第222期 #6
可愛いな、と思った。
髪を甘いカフェオレみたいな色にして、キラキラした爪は少し重そうで、スカートは短め、靴は一番気を遣う。今は底の分厚いスニーカーが熱いらしい。そうやって私は今とても不機嫌です、と周りに主張せずにいられないところが可愛いと思う。毛を逆立てた猫みたいだ。
わかりやすいものは可愛い。
そう思って見ていると目が合って、私はにこりと微笑んだ。
歯は見せない。その後ろには秘密があるから。
私は別に不満なんかなかった。
茶道部は楽しいし、黒髪も校則を守るのも特に理由なんかない。
私の一番大事なものは音楽だった。
なんとなく心を上滑りする親や先生の言葉と違って、彼らの言葉は私の中にまっすぐ届いた。イヤホンの邪魔になるからピアスはつけない。ライブで隣の人を傷つけるから爪も伸ばさない。それが結果的に品行方正な女子高生になっていただけだ。
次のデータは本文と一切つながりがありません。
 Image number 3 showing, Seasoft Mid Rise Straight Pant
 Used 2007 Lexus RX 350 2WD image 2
でも私の好きなメタルバンドのギタリストは舌にピアスをつけていた。
とても綺麗な銀色は赤い舌によく映えて、私は一瞬で虜になった。
自室にいるときやお風呂に入っているとき、学校へ行く前に姿見で確認するとき、ちらりと舌を出すと心が沸き立った。そのためだけにつけたものだけど、初めて知ったときの母親の嘆きは忘れられない。
告白されて付き合った男の子には騙されたとさえ言われた。
黒髪も規則通りの制服も、茶道もメタルもこのピアスも間違いなく私だ。
けれど、そのとき私は知った。
期待通りでなかったり、わかりにくいものは可愛くないのだ。
だけどこないだ、毛を逆立てた猫の子に見せてしまった。
だって似合ってたカフェオレ色の髪を黒くして、カラコンを外した黒い目で、私みたいになりたいと言うから。
このピアスを知らないくせにそんなことを言うから。
八つ当たりだったのかもしれない。
舌を見せると彼女は怯んだ。
だけど、なぜかその後お茶をした。引き止めてきた彼女も自分で自分に驚いたような顔をしていたけど、それから彼女は学校で派手な化粧やピアスをしなくなった。
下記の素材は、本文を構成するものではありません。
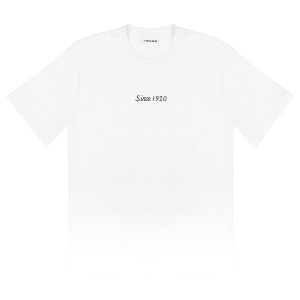Moniker Optic White T-Shirt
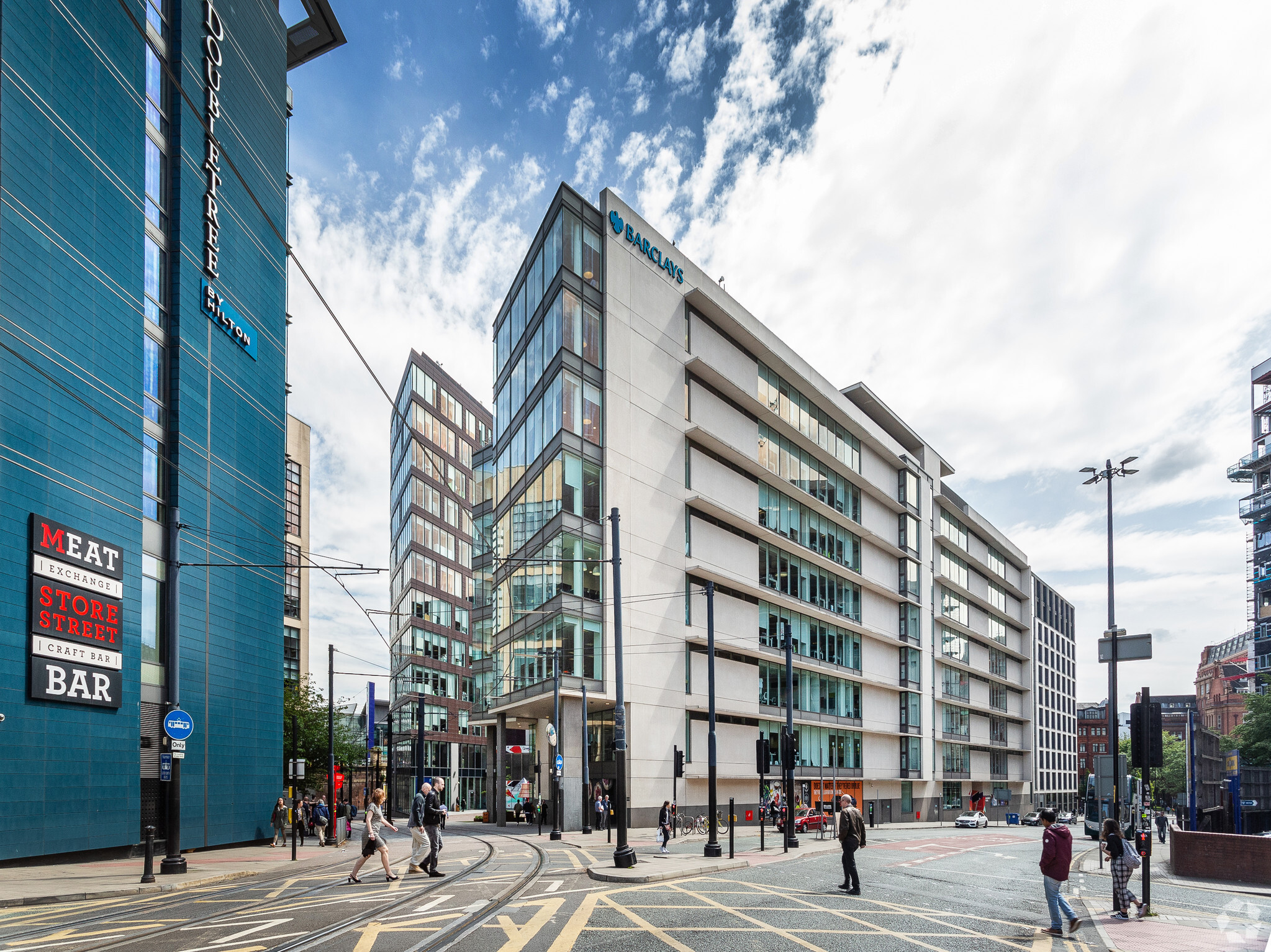 4 Piccadilly Pl, Manchester for lease Building Photo- Image 1 of 5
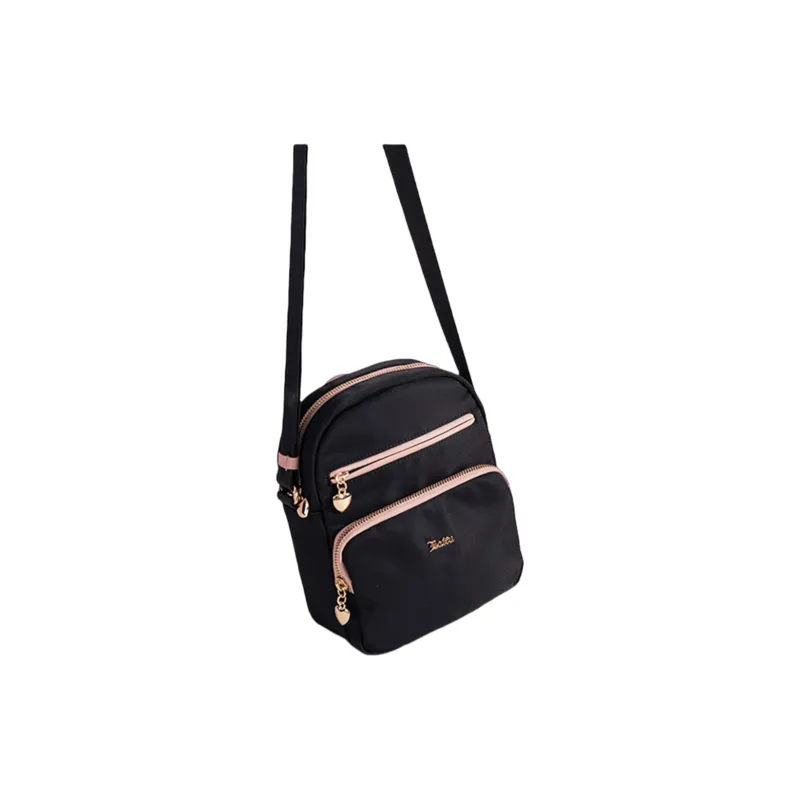 LEFF Crossbody Bags Classic Black-1
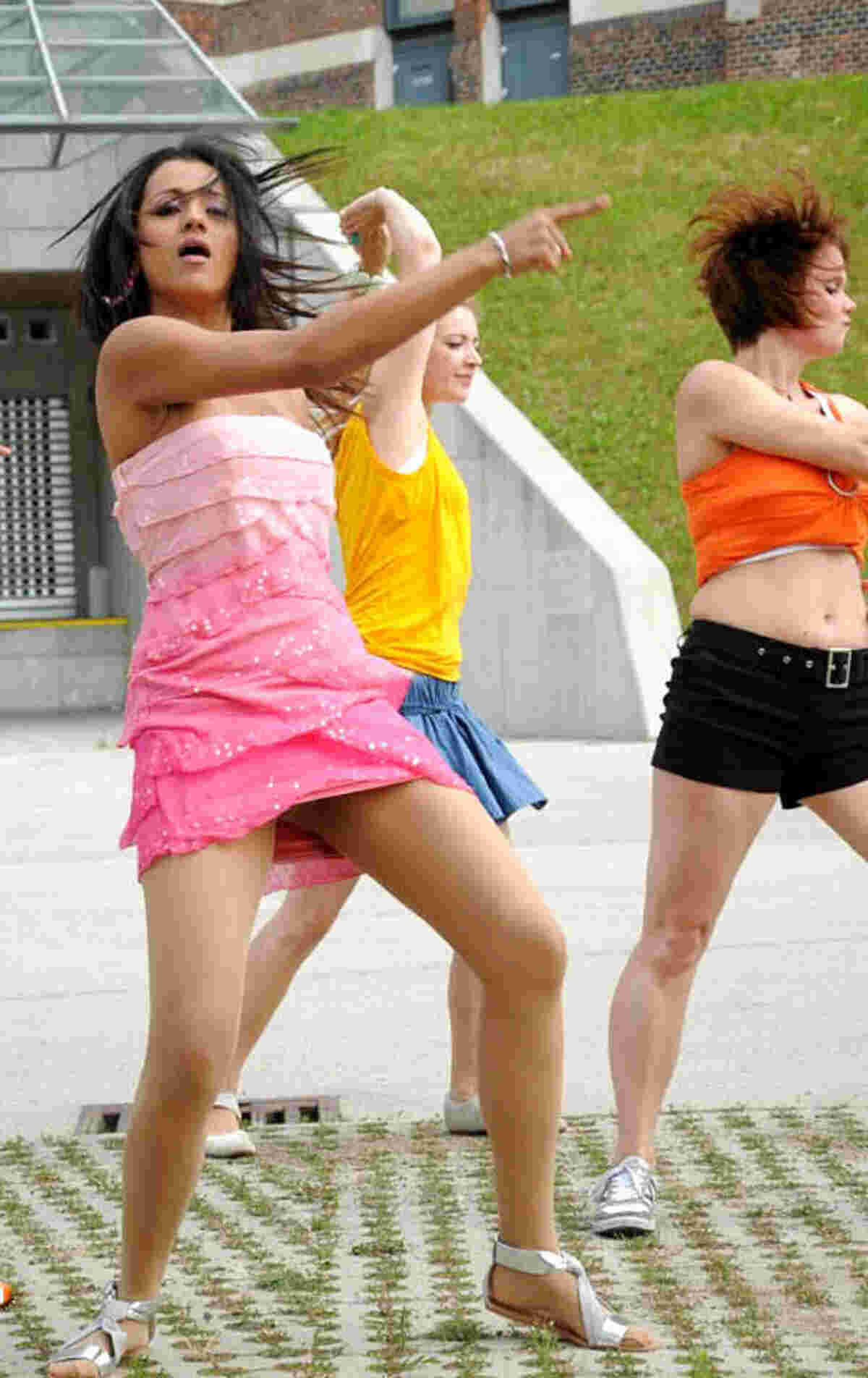 Showing Meaning and Definition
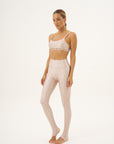 Calça Legging Slim Bloom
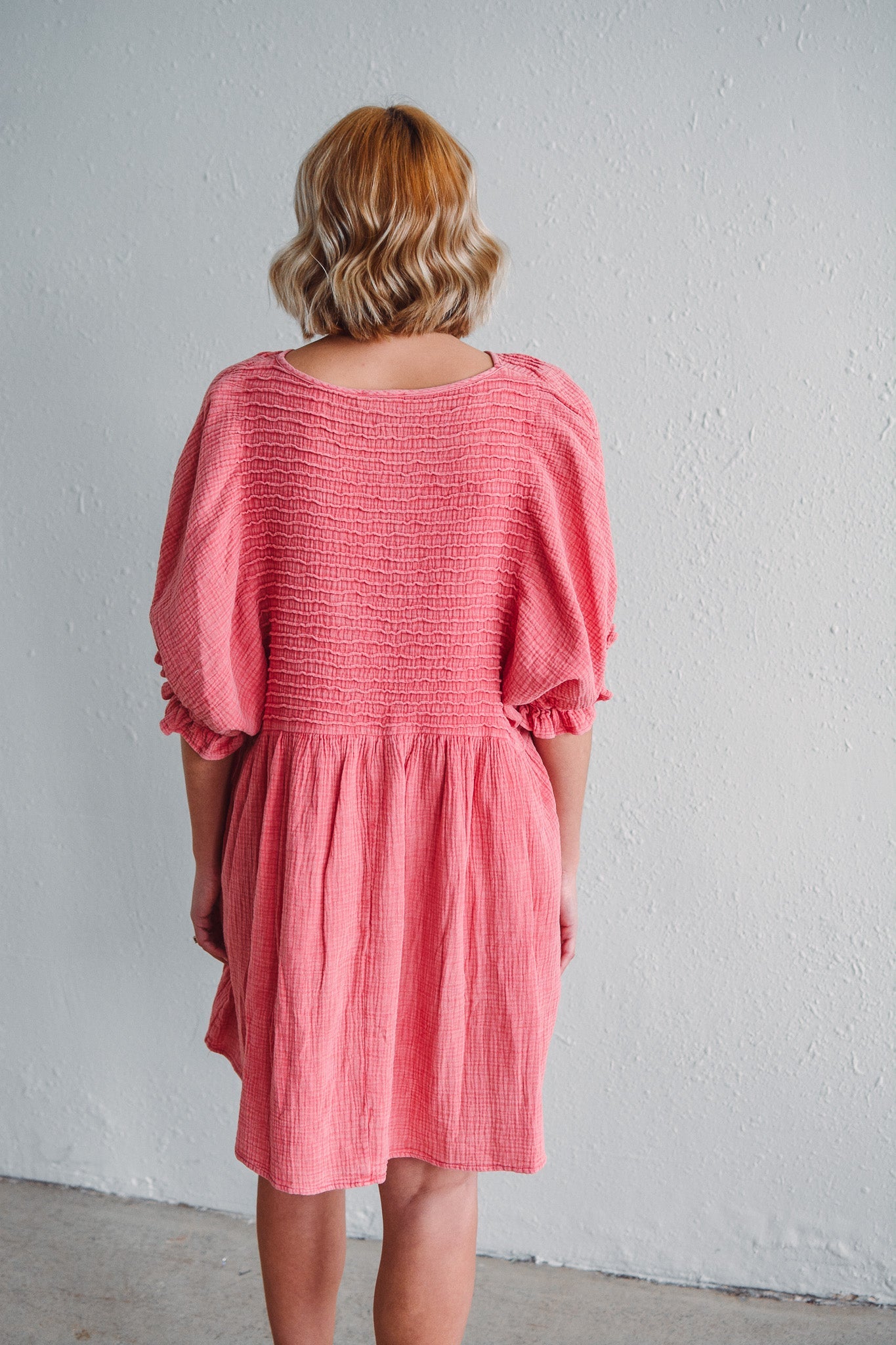 Florence Red Dress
もう周りに合わせるのはやめたと彼女は言ったけどキラキラした爪はそのままだった。自分が見えるところはアガルでしょ、顔や耳は鏡見ないとわかんないじゃん、そう言ってくしゃりと笑う彼女はもう毛は逆立てていなかったし、私も口元を隠さなかった。
私ね、ネイリストになりたいんだーと言う彼女に、私も音響の学校行きたいんだよねなどと返しながら今日も二人でマックに行った。